きっとチャンプには、思い出したくない恐ろしい記憶があると思う。

一番安全で安心と思われた馬房が流され、40頭いた仲間たちと一緒に激流の中「神様!」と叫んだかもしれない。一緒に助かったトニーザプリンスと、途方に暮れた日々を、悪夢のように思い出して震える夜もあるだろう。

チャンプにはまだ、ここでの友だちができてはいない。まだ何か不安なのだろうか。

何となく、ゆらゆらとひとりぽっちで草を食みながら、また突然、馬運車が迎えにくるかもしれないと警戒しているのかも。日本中をたらいまわしにされる馬も多く、それが自分たちの命を繋ぐためのものだとわかっていても、感情のある生き物にとっては、津波で流された時と同じような傷を心に負っていると思う。

たった2年前の出来事を、そうたやすく忘れるなんて、私にはできない。それが楽しいことならあっけなく忘れてしまうかもしれないが、辛かった体験はどうしても残ってしまう。チャンプも同じかな。

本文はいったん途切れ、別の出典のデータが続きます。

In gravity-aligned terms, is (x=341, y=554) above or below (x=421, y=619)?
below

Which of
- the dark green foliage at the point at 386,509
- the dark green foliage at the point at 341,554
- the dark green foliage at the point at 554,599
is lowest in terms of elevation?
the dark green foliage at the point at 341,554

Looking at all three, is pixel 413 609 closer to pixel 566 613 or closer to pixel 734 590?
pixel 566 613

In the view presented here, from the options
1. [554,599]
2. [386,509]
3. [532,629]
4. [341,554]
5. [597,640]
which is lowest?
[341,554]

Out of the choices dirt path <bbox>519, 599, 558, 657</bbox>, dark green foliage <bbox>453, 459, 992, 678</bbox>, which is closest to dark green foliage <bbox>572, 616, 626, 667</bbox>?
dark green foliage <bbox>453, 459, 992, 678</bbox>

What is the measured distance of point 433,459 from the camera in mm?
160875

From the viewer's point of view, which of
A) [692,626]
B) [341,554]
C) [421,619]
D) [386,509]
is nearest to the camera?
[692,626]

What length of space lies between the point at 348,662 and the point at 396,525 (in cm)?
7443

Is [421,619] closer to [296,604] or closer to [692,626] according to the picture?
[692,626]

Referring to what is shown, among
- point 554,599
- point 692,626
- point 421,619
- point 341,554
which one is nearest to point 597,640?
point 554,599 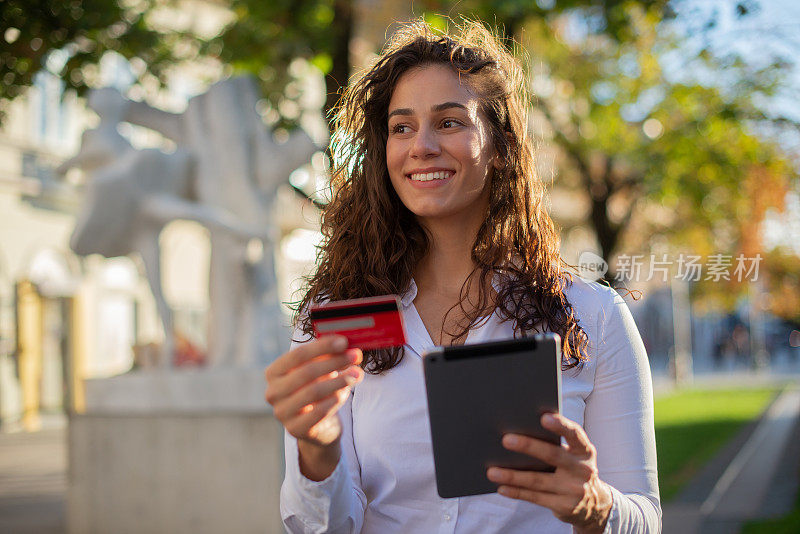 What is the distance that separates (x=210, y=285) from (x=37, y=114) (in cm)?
1424

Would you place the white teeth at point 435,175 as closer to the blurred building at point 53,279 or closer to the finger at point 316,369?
the finger at point 316,369

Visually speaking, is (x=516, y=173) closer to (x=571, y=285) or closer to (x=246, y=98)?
(x=571, y=285)

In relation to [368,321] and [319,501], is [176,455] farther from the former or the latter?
[368,321]

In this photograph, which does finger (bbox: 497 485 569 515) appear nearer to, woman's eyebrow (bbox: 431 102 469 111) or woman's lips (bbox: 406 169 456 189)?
woman's lips (bbox: 406 169 456 189)

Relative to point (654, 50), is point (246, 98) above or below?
below

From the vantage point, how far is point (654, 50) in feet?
52.7

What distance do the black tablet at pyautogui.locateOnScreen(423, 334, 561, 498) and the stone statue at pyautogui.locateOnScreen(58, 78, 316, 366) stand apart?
247 inches

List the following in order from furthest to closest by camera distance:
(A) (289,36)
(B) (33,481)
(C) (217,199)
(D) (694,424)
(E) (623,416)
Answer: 1. (D) (694,424)
2. (B) (33,481)
3. (A) (289,36)
4. (C) (217,199)
5. (E) (623,416)

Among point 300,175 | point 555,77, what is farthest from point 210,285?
point 555,77

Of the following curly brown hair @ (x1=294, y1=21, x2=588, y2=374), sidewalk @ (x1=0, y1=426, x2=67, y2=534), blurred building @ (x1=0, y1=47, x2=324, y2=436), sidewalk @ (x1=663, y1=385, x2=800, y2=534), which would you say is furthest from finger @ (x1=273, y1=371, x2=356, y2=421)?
blurred building @ (x1=0, y1=47, x2=324, y2=436)

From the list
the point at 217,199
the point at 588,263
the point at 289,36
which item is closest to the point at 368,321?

雄大な岩内の丘やニセコ山系を眺める時間が傷ついた心を癒し、悪夢を見る回数が、三日に一度、一週間に一度と、自然に遠のいていき、チャンプの胸の中でうまく希釈されて、いつか透明になっていけばいい。ここでなら、それができる。

ゆっくりとでいいから、いつか心を許しあえる友だちか、寄り添うだけで生きる希望になる生涯の伴侶ができればいいね。

チャンプ、そしてキティ。

あなたたちの余生はもう心配ないのですよ。